Exercise materials: Begin

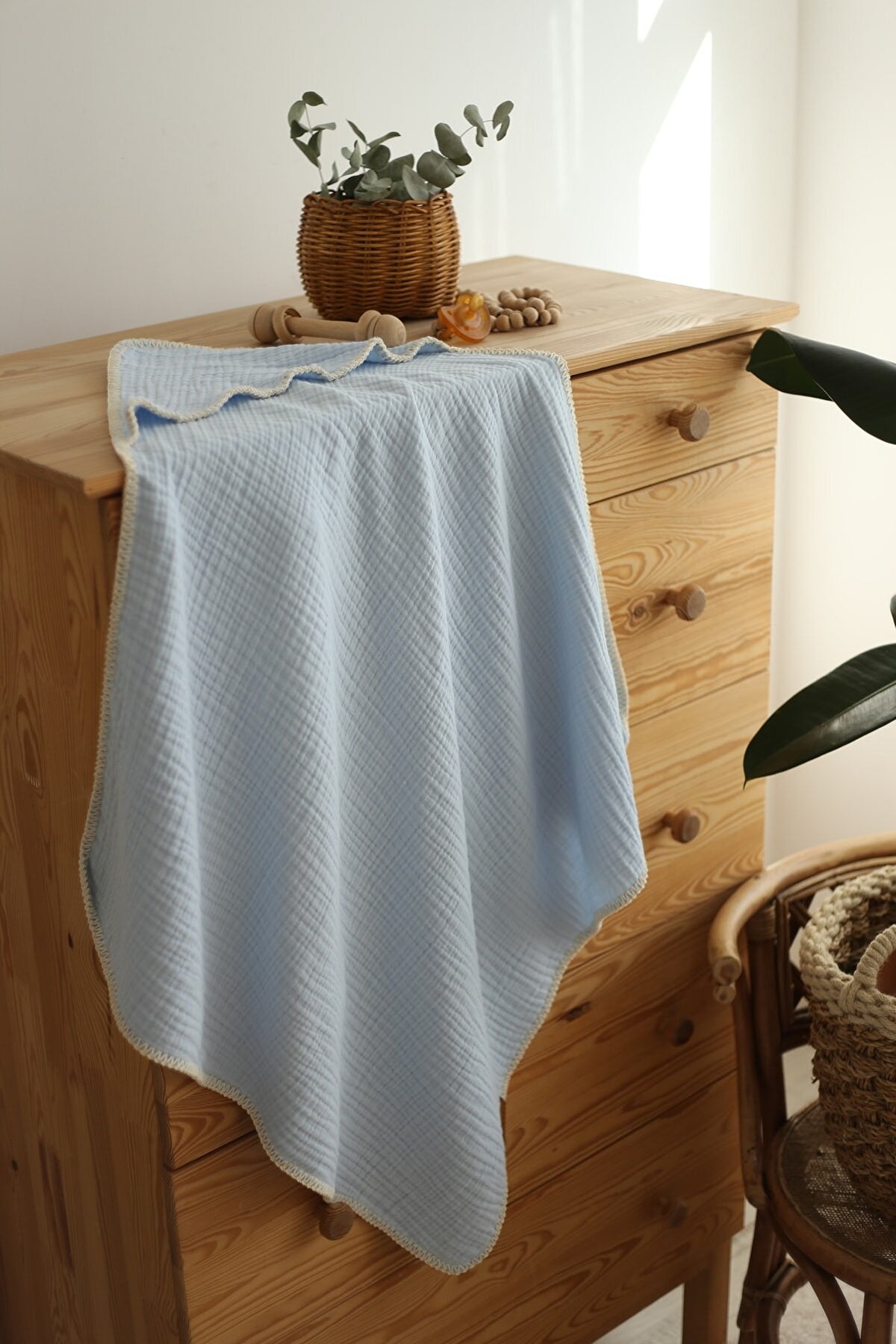 4 Katlı Müslin Kundak - % 100 Pamuk - Bebe Mavisi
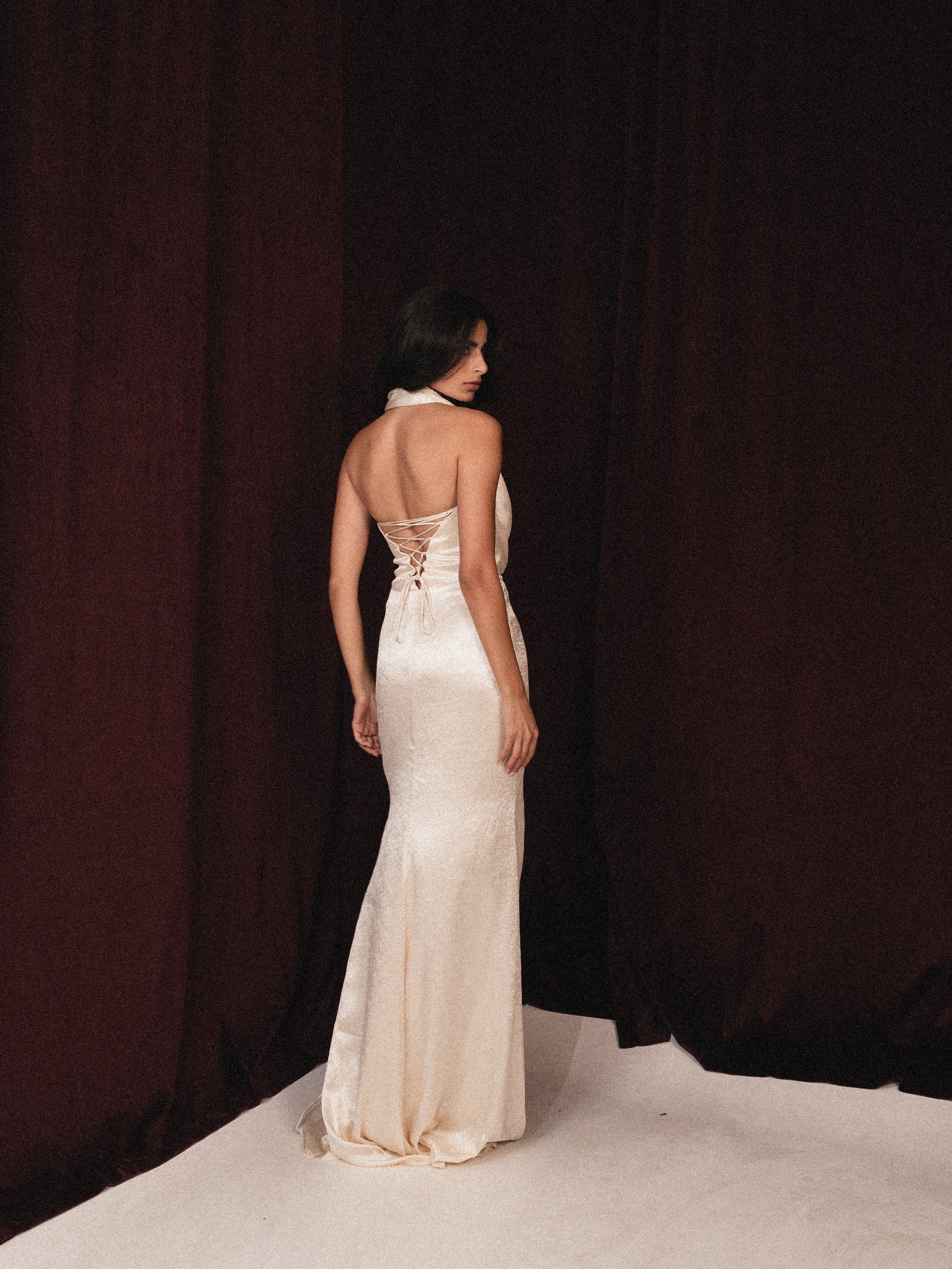 Halter neck backless satin dress in Beige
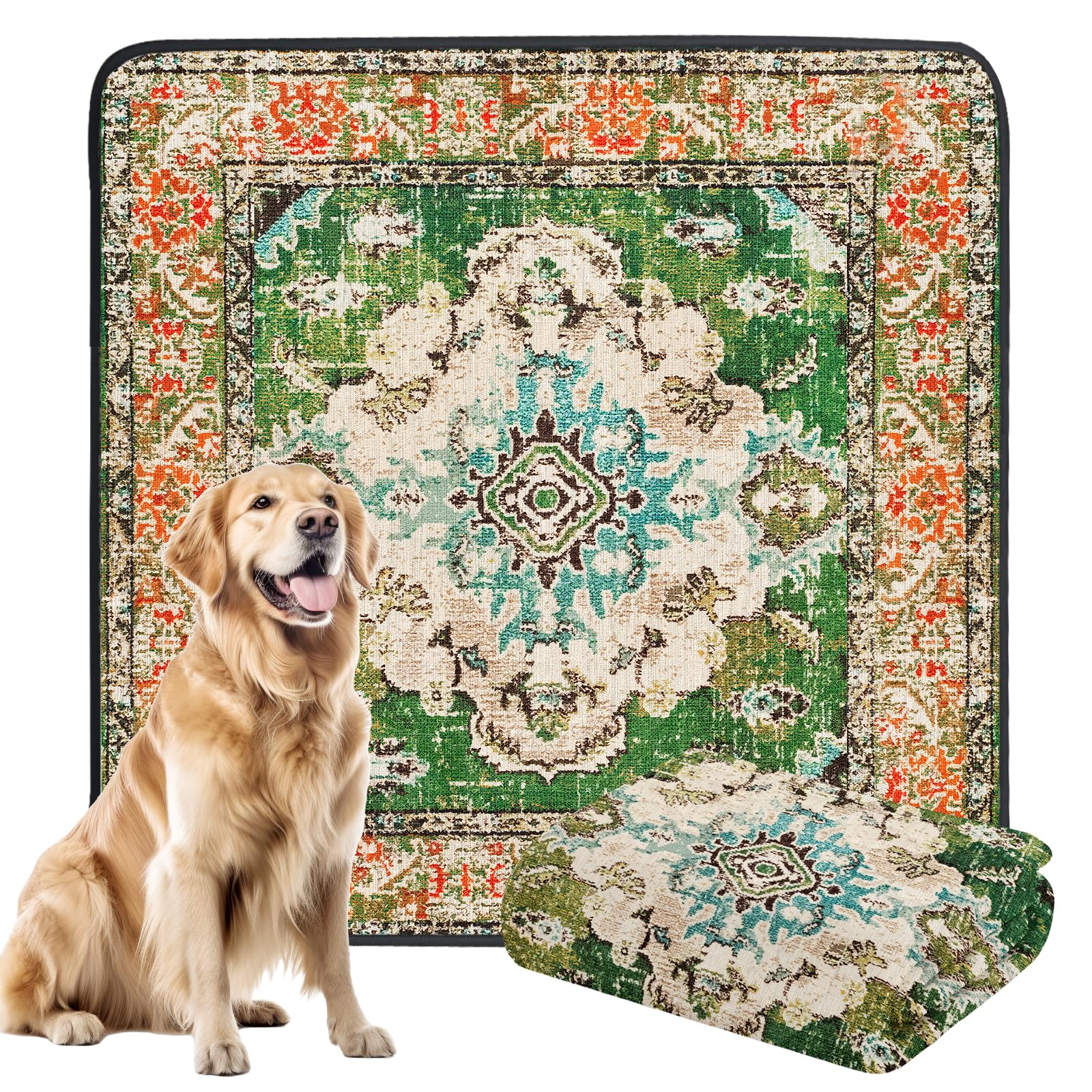 Non-Slip Dog Washable Pee Pad Extra Large 72 x 72, Boho Rusable Pee Pad for Dogs, Pet Training Pad for Playpen Mat, Waterproof D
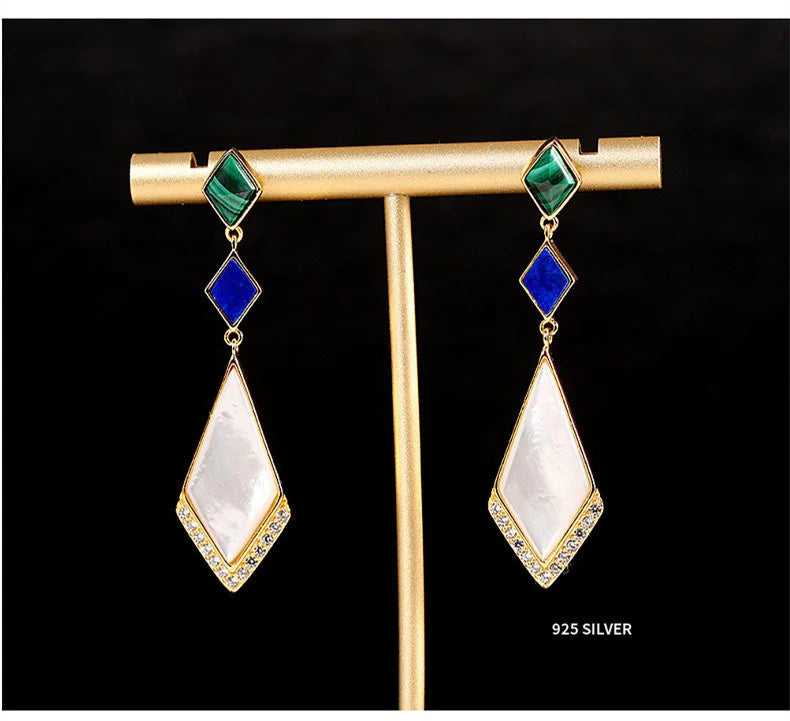 GEEZENCA Malachite Lapis Lazuli Shell 925 Silver Dangle Earrings For Women Unusual Geometric Natural Stone Drop Earring Gift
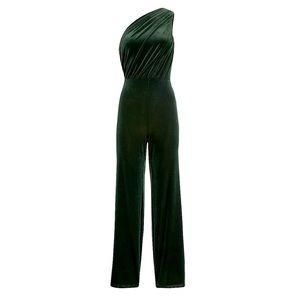 Express one shoulder velvet jumpsuit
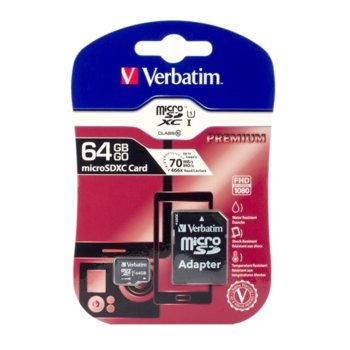 Карта памет 64GB microSDHC с адаптер, Verbatim, Class 10 UHS-I, скорост на четене 10MB/s, скорост на запис 10MB/s | JAR Computers Verbatim 64GB microSDHC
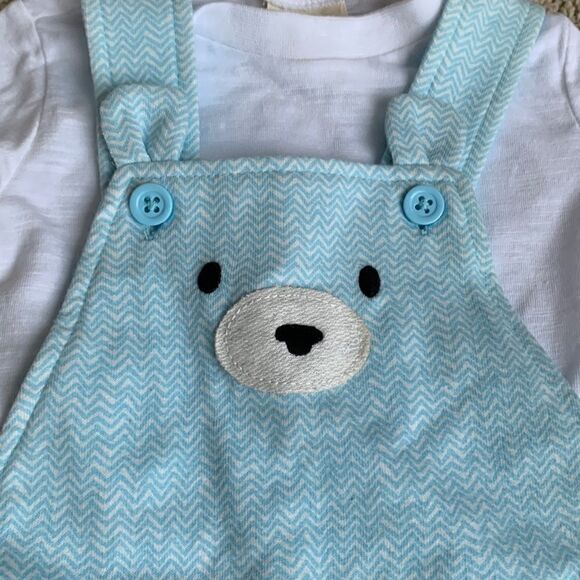 NWT 6-9 M Baby bear light blue overall bibs 2 piece outfit - Picture 2 of 6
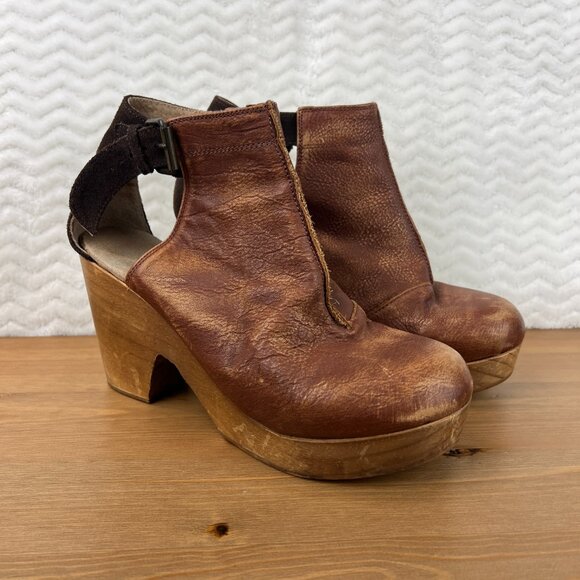 Free People Amber Orchard Heel Platform Clog Two Tone Brown Leather Sz 8.5 EU39 - Picture 2 of 12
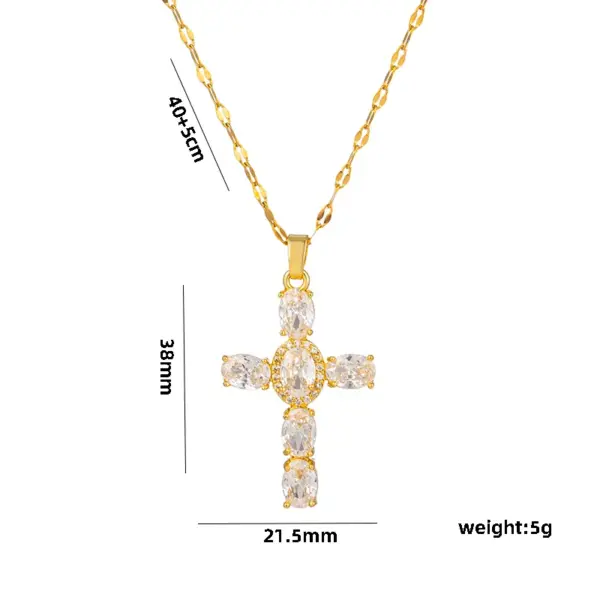 Wholesale Ig Style Simple Style Cross Titanium Steel Copper Zircon Pendant Necklace In Bulk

Exercise materials: End

#### Work required
Word for word, give again the lines from the line with "Non-Slip Dog Washable" through the end of the records above, with both ends included and the pictures left out.

#### Expected answer
 Non-Slip Dog Washable Pee Pad Extra Large 72 x 72, Boho Rusable Pee Pad for Dogs, Pet Training Pad for Playpen Mat, Waterproof D
 GEEZENCA Malachite Lapis Lazuli Shell 925 Silver Dangle Earrings For Women Unusual Geometric Natural Stone Drop Earring Gift
 Express one shoulder velvet jumpsuit
 Карта памет 64GB microSDHC с адаптер, Verbatim, Class 10 UHS-I, скорост на четене 10MB/s, скорост на запис 10MB/s | JAR Computers Verbatim 64GB microSDHC
 NWT 6-9 M Baby bear light blue overall bibs 2 piece outfit - Picture 2 of 6
 Free People Amber Orchard Heel Platform Clog Two Tone Brown Leather Sz 8.5 EU39 - Picture 2 of 12
 Wholesale Ig Style Simple Style Cross Titanium Steel Copper Zircon Pendant Necklace In Bulk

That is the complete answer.